Vitamin E Acetate Again Linked to Vaping-Related Illnesses in the United States
U.S. Vaping Epidemic Seems to Be Slowing Down But is Still Not Fully Understood By Officials
To date, there have been 2,051 reported cases of vaping-related illnesses in the U.S., resulting in no fewer than 40 deaths.
This past September, findings seemed to point to the potentially deadly inhalation of vitamin E acetate as a contributing factor in the illnesses. Then in October, a lab in Colorado released findings suggesting that the Vaping-Associated Pulmonary Injury (VAPI) cases popping up in the U.S. may be a result of the inhalation of dangerous heavy metals caused by cheaply manufactured black market vaping products. The study went on to suggest that the toxic inhalation of these unregulated products appeared to be causing an advanced stage of Metal Fume Fever, known as cadmium-induced chemical pneumonitis.

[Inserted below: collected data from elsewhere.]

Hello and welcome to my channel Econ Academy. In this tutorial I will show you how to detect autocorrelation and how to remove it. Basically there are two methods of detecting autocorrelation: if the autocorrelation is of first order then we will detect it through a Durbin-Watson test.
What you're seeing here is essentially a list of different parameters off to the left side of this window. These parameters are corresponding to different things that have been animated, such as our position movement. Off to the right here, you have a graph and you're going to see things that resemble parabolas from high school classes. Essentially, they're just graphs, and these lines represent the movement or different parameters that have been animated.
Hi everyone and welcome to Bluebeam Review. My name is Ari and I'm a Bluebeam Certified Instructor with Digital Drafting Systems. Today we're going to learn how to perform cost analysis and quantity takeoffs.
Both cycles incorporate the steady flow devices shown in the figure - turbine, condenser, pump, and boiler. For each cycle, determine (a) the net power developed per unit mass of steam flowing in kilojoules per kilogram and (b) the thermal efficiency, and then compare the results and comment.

Now the pendulum of diagnosis appears to have swung again, with officials from the U.S. Centers for Disease Control and Prevention (CDC) suggesting that vitamin E acetate may indeed be linked to the national outbreak of vaping-related lung injuries and the growing number of associated deaths. The Principal Deputy Director of the CDC, Dr. Anne Schuchat went as far as to call the new findings a “breakthrough.”
“These new findings are significant,” declared Schuchat during a media briefing. “We have a strong culprit, [but] this does not rule out other possible ingredients. There may be more than one cause.”

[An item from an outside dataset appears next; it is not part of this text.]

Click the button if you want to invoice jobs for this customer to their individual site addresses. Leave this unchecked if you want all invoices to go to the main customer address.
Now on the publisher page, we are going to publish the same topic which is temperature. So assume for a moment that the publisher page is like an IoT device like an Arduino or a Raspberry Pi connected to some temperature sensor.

The CDC has also expressed that there is still much work to do and that it will continue to test for a range of possible chemical explanations.

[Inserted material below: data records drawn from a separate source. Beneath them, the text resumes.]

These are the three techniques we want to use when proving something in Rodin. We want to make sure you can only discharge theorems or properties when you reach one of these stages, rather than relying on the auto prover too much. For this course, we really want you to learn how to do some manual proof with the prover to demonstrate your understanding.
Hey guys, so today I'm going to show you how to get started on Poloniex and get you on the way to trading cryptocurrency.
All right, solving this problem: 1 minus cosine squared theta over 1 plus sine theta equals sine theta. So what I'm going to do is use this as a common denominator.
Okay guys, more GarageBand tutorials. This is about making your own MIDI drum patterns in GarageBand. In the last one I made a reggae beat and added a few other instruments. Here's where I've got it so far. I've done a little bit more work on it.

Vitamin E Present in Majority of Cases; Supports Previous Findings
The recent CDC tests found evidence of vitamin E acetate in lung samples from all of the 29 patients (across 10 different states) with vaping-related lung illness studied. Furthermore, THC, the main psychoactive ingredient found in cannabis, was detected in 23 of the 28 patients studied, while nicotine metabolites were found in 16 of the 26 patients examined.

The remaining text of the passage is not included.